“Aku Dulu Juga Dipukul dan Baik-Baik Saja” — Tapi Benarkah?
Menghukum fisik sebagai cara utama mendisiplinkan anak.

Saya pernah mendengar kalimat itu diucapkan lebih dari sekali. Oleh teman, oleh saudara, bahkan oleh orang tua saya sendiri. “Aku dulu juga dipukul kalau bandel, dan nyatanya aku baik-baik aja.”
Saat saya masih kecil, tamparan di pipi, jeweran di telinga, bahkan pukulan dengan sapu lidi adalah hal yang dianggap biasa. Itu bentuk “pendidikan”. Itu katanya tanda sayang. Kalau tidak dihukum, nanti jadi anak nakal. Begitulah narasinya.
Tapi sekarang, sebagai orang tua, saya bertanya: benarkah itu semua membuat kita “baik-baik saja”? Atau mungkin, kita tumbuh dewasa sambil membawa luka yang tak pernah sempat kita kenali?
Ketika Pukulan Menjadi Bahasa Kasih Sayang
Saya mengerti bahwa banyak dari kita lahir dari generasi yang percaya bahwa kekerasan fisik adalah bagian dari pendidikan. Apalagi jika kita hidup dalam keterbatasan. Orang tua kita mungkin lelah, stres, bingung, dan tidak punya referensi lain. Mereka hanya mengulangi pola yang mereka tahu.
Tapi ketika saya mulai melihat anak saya tumbuh, ada hal yang berubah di dalam diri saya.

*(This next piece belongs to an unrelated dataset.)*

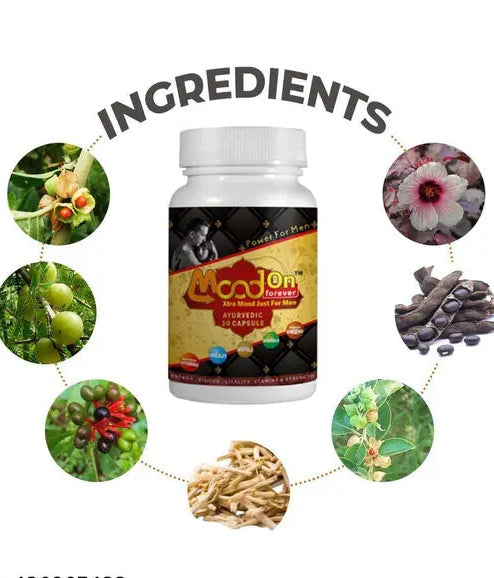 Mood On Forever 30pcs Capsule Best Ayurvedic Medicine For Vitality & Stamina Male & Female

Anak saya tidak nakal—ia hanya belum tahu caranya bersikap. Ia belum tahu mana yang tepat, mana yang tidak. Dan saya, sebagai orang tuanya, adalah orang pertama yang harus membimbingnya, bukan menakutinya.
Saya ingat suatu hari, anak saya—usia empat tahun—menumpahkan susu di karpet baru. Reaksi pertama saya adalah ingin berteriak. Bahkan tangan saya refleks ingin memukul. Tapi saya tahan. Lalu saya tanya: “Kenapa kamu tumpahkan itu?”
Dengan wajah takut dan suara kecil dia berkata, “Aku mau nunjukin ke Mama bentuk awannya…”
Jantung saya seperti diremas. Ia tidak sengaja. Ia hanya ingin berbagi imajinasinya.
Kekerasan Fisik Menyisakan Banyak Luka yang Tak Terlihat
Banyak dari kita yang mengira bahwa pukulan yang tidak meninggalkan lebam bukanlah kekerasan. Tapi anak-anak, terutama di usia dini, tidak hanya menyerap tindakan. Mereka menyerap perasaan yang dibungkus dalam tindakan itu.
Anak-anak tidak tahu bahwa “Mama sayang, tapi sedang marah.” Yang mereka tahu hanyalah bahwa tangan orang yang mereka cintai bisa menyakitkan. Itu bisa melahirkan ketakutan. Atau lebih buruk—ketidakpercayaan.
Saya tidak mengatakan bahwa semua orang yang pernah dihukum fisik pasti tumbuh dengan trauma. Tapi banyak dari kita mungkin menyimpan luka yang kita anggap “normal”, hanya karena sudah terbiasa.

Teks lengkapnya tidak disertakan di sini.